Beginning with the line below that contains "Miniatura 2 de" and ending with the line that contains "Blue clouds and", copy every line exactly. Copy nothing else.

▶ Records shown
•••

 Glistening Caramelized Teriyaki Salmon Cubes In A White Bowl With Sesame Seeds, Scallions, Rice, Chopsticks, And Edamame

•••

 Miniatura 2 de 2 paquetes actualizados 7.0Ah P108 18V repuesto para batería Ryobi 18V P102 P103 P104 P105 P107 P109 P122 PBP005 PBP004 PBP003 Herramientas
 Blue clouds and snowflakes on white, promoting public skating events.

•••

▶ Output below
 Miniatura 2 de 2 paquetes actualizados 7.0Ah P108 18V repuesto para batería Ryobi 18V P102 P103 P104 P105 P107 P109 P122 PBP005 PBP004 PBP003 Herramientas
 Blue clouds and snowflakes on white, promoting public skating events.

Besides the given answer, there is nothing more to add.